Blender-producing mechanisms and a dichotomy for local dynamics for heterodimensional cycles

TL;DR

This paper demonstrates that blenders, which enable robust dynamical phenomena, naturally occur near heterodimensional cycles in smooth diffeomorphisms and establishes a generic dichotomy in local dynamics based on arithmetic properties.

Contribution

It proves the natural existence of blenders near heterodimensional cycles and characterizes the local dynamics dichotomy using arithmetic properties of conjugacy moduli.

Findings

Blenders exist without perturbation near heterodimensional cycles.

A generic dichotomy in local dynamics is established: either infinite blenders or no other orbits.

The existence of blenders depends on arithmetic properties of conjugacy moduli.

Abstract

Blenders are special hyperbolic sets used to produce various robust dynamical phenomena which appear fragile at first glance.

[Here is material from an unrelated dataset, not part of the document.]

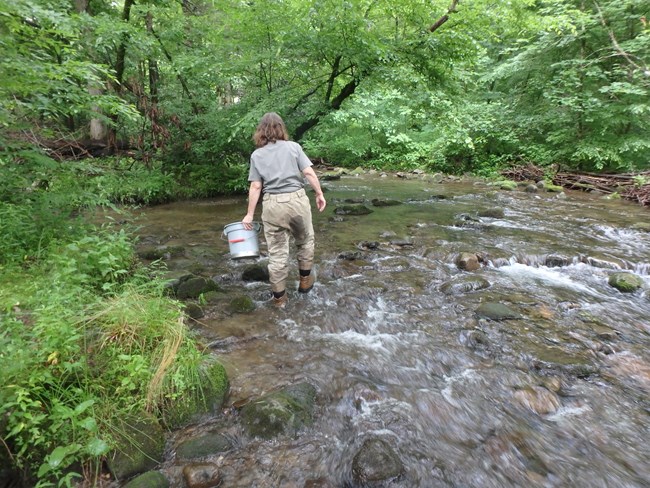 A woman carries a bucket walking across rocks in a stream.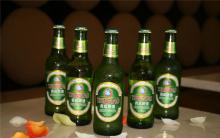 tsingtao beer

We prove for $C^r$ diffeomorphisms ($r=2,\dots,\infty,\omega$) that blenders naturally exist (without perturbation) near non-degenerate heterodimensional cycles of coindex-1, and the existence is determined by arithmetic properties of moduli of topological conjugacy for diffeomorphisms with heterodimensional cycles. In particular, we obtain a $C^r$-generic dichotomy for dynamics in any small neighborhood $U$ of a non-degenerate heterodimensional cycle: either there exist infinitely many blenders accumulating on the cycle, forming robust heterodimensional dynamics in most cases, or there are no orbits other than those constituting the cycle lying entirely in $U$.